You would hunt the stray cow, but you fear being lost, or devoured by wild beasts. You are out on the fallow as they prepare to burn it; and you carry fire to a dozen brush heaps, while Fabens and his father fire the rest; and behold, the flames meet together in a curtain, and run and roar like the waves of a burning sea.

You count the ages of the trees by the rings on the stumps, and say, here is a walnut that flourished with Washington; there is a maple of Milton's age; and this old oak was a brave young tree when Columbus was born. This ring records a dry season, and that a wet season; this a warm one, and that a cold. What made this elm so stocky and firm and high, and gave it such mighty roots and massive limbs? It grew quite alone on the hill, took the storm with the sunshine, and battled the blast while others slept in peace. What made this poplar so weakly? It grew in the thicket, and was sheltered from sun and storm. You see in the trees fine types of human life.

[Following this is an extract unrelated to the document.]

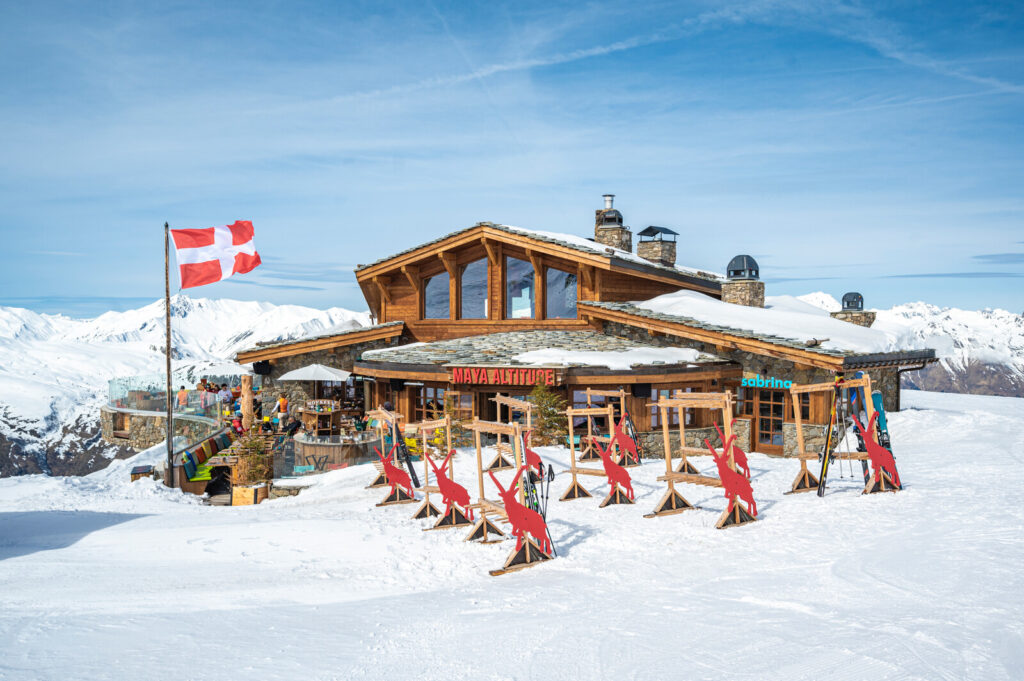 Mountain restaurant surrounded by snowy peaks above St Martin de Belleville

You lead rosy Clinton on many a glad ramble. Your strength increases, and you assist in the labors of the field. You plant corn and weed it; and in that act you sow the seeds of energy and hope in your soul, and weed it of vices and weakly shoots. You cut down fireweeds and thistles; and still dress your soul withal, more and more. You set deadfalls for corn-pulling squirrels; and entrap with the squirrels your follies and fears. You watch with a watering mouth the growing melons and blackening berries; and find sweeter than all, the melons of health, arid berries of rural bliss.

Through wood and through opening you wander free; are now on the lake in a birchen canoe, and again on the shore in an Indian wigwam. Your time runs out at last, and you return to society with a lagging heart, preferring the hale and cheery comforts of backwoods life, hard and homely as are its labors, to a life where the multitude gather, and Pride and Luxury rule, and Self seeks all honors, and Fashion stands a god. Your memory remains pictorial with the waters, fields and woods of the Waldron Settlement; your dreams are illuminated with its lights and verdures; and its pleasant times and seasons roll their rounds in music through your mind.